# Growling/ Teeth showing question



## JRG (Feb 28, 2009)

Colt is our new 8 week old male GSD pup, we have only had him at home for 3 weeks. For the past 2 to 3 weeks, while playing with his tug rope or ball, he begins to focus on our hands or feet (usually when we walk though the house or try to walk away) and starts nipping, quite hard at times and nothing can deter him. We have tried to refocus him onto his toys or do some OB work (he has learned to sit, but won't when he is in these moods). When we try to push him away, pick him up to put him in time out or touch him in any way when he is in these moods, he shows his teeth, snaps and growls viciously. My question is: I understand the nipping is normal in pups, but is this growling, snapping, teeth showing normal? I often wonder if what sounds vicious to me is just his way of wanting to play... I still can't help but think he should not be growling and showing his teeth at me or my wife... 

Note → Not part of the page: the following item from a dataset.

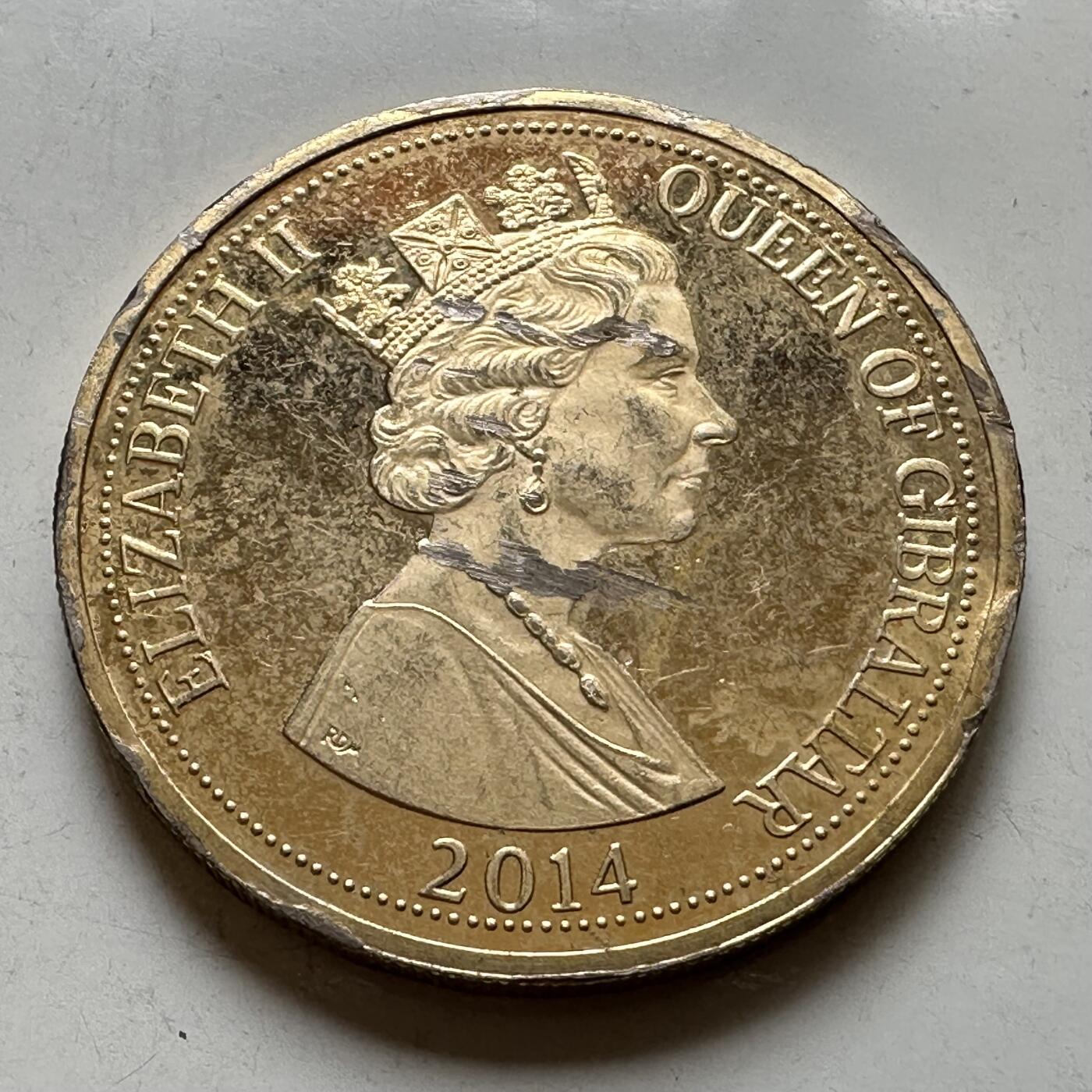 🌹外币初藏🌹🐯2026年第37场   每周二四六晚8️⃣点 接代拍 直布罗陀 2014年  一战坦克 1克朗 镀金纪念币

As an FYI, this is our first pup and we are planning to have him professionally trained but want to do as much as we can first. The trainer will only consider starting with him after he is 6 mos old. 

Thanks for any insight...


----------



## Amaruq (Aug 29, 2001)

Well first off if he is 8 weeks and you have already had him 3 weeks that means he left his litter mates and mother 3 weeks to early. Those three weeks is when they learn the rules of using their teeth appropriately because their siblings and mother will correct them when they go too far. 

As soon as he does this IMMEDIATELY walk away and ignore him. Keep working on the redirection as well. Make sure he gets PLENTY of exercise and mentally stimulate him. In ways yes the growling and snapping IS typical puppy behavior, but as I said earlier, it is a lesson they begin to learn when they are with their siblings and mother. 

What's done is done and you will have your work cut out for you with socializing with other dogs and humans once he has his shots.


----------



## onyx'girl (May 18, 2007)

Good advice Amaruc. Welcome to this site JRG! 
I'd like to add that if you are having him professionally trained, does this mean you are sending him away for it? Training starts when you bring your pup home, and I'd get into a puppy socializing class first, then do an obedience class together. The bond you have with your pup is very important. Research the send away training, make sure this is something you feel is really needed if this is what you are thinking of doing. I could not, would not let someone else train my dog for me.


----------



## JRG (Feb 28, 2009)

Thanks for the quick responses and advice, 

As for the professional training... no, we are not sending him away, we will be going with him a couple times a week...


----------



## Castlemaid (Jun 29, 2006)

As Amaruq said, the issue is that your pup left his littermates too young, and missed out on some crucial bite-inhibition lessons. Yes, the nipping, growling, biting is normal for a puppy. GSD puppies will be even more nippy, growly, and bitey than what you may expect, and a GSD puppy taken away from his mother and litter at 5 weeks is going to be a challenge, to say the least! 

Constant, consistent redirection! Lots of play time to tire him out. Puppies this age can also get overtired and go overboard with their behaviour. Somewhat like what an overtired two year old throwing a tantrum. Some people set up a nap schedule for their pups to help in that respect. 

Your puppy's actions is never aggression, as ferocious and serious as it may seem and sound. It is play - an attempt to develop survival skills of hunting and fighting that will serve them well later in life. People see it as agression and a start of rank dominance, and get too hard and strict on their pups, and punish them unfairly (not saying that you are doing this, but it is a common misconception). 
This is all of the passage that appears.